Supplied records |
..............................
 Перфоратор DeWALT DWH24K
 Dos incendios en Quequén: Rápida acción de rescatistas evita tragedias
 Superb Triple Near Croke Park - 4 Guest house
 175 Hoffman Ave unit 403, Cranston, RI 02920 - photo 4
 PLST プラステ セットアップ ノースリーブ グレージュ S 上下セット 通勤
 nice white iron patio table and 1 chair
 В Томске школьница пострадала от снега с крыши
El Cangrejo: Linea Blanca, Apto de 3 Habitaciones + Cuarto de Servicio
..............................
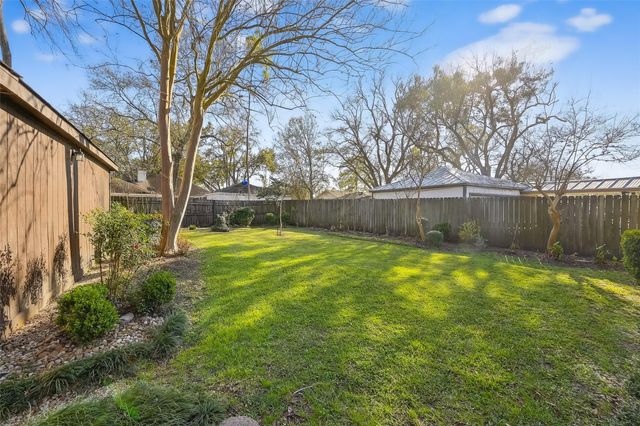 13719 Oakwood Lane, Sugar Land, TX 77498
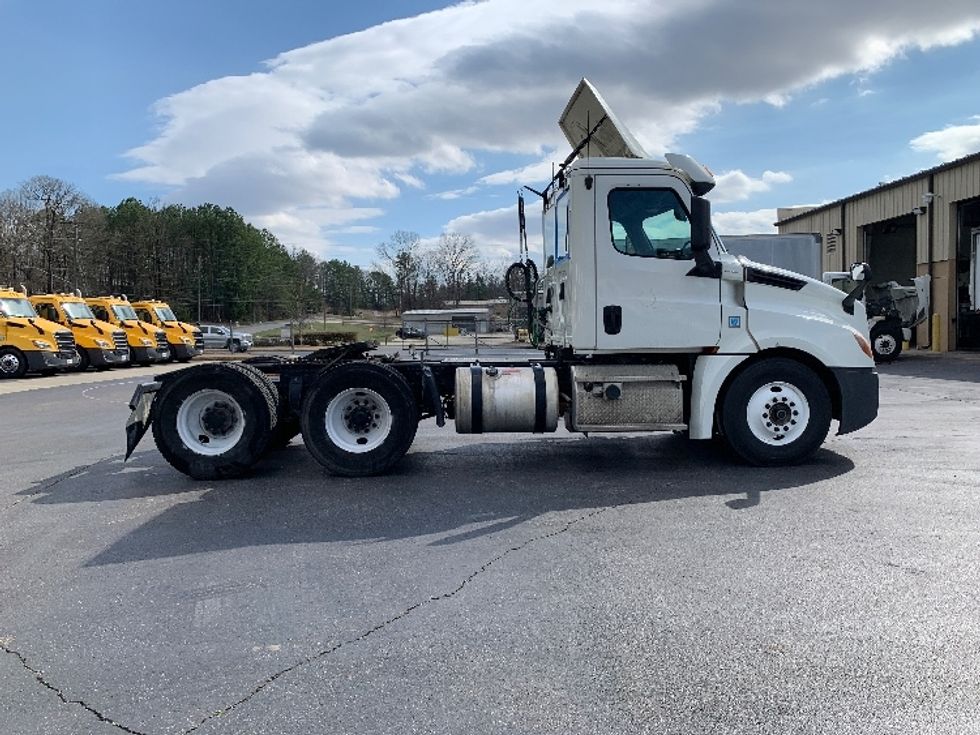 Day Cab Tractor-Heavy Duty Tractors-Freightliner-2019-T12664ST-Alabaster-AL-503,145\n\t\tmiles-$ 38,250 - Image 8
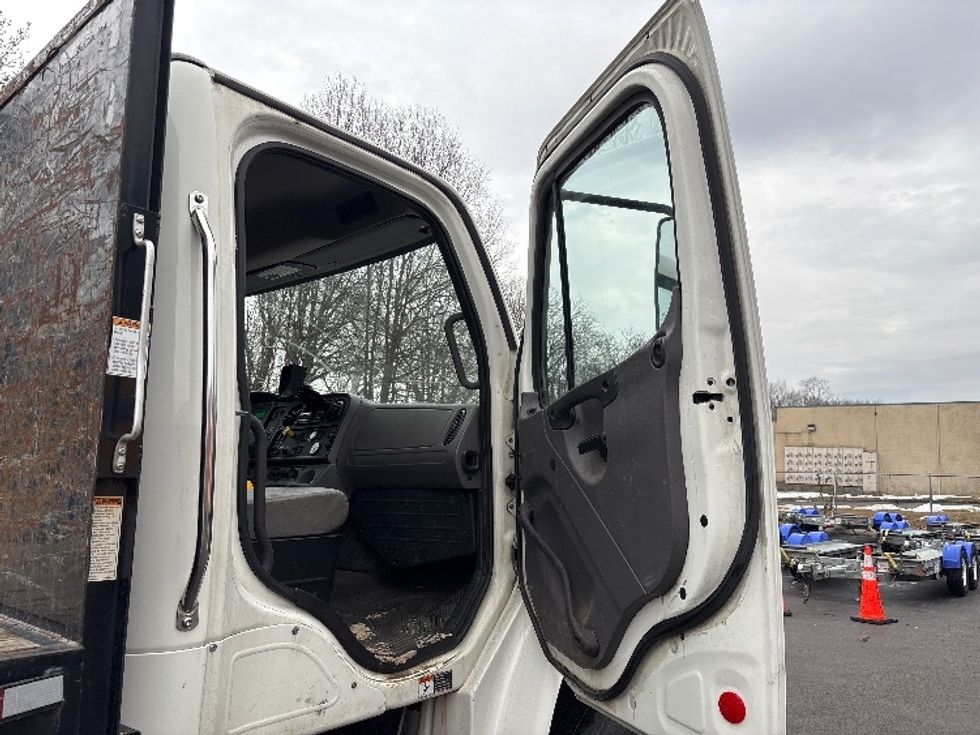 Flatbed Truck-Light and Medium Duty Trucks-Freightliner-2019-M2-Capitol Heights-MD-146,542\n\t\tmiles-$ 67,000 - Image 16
..............................
Work item | Among the lines above, find the one with "Перфоратор DeWALT DWH24K" and the one with "El Cangrejo: Linea". Quote both and everything between them, exactly.

Solution |
 Перфоратор DeWALT DWH24K
 Dos incendios en Quequén: Rápida acción de rescatistas evita tragedias
 Superb Triple Near Croke Park - 4 Guest house
 175 Hoffman Ave unit 403, Cranston, RI 02920 - photo 4
 PLST プラステ セットアップ ノースリーブ グレージュ S 上下セット 通勤
 nice white iron patio table and 1 chair
 В Томске школьница пострадала от снега с крыши
El Cangrejo: Linea Blanca, Apto de 3 Habitaciones + Cuarto de Servicio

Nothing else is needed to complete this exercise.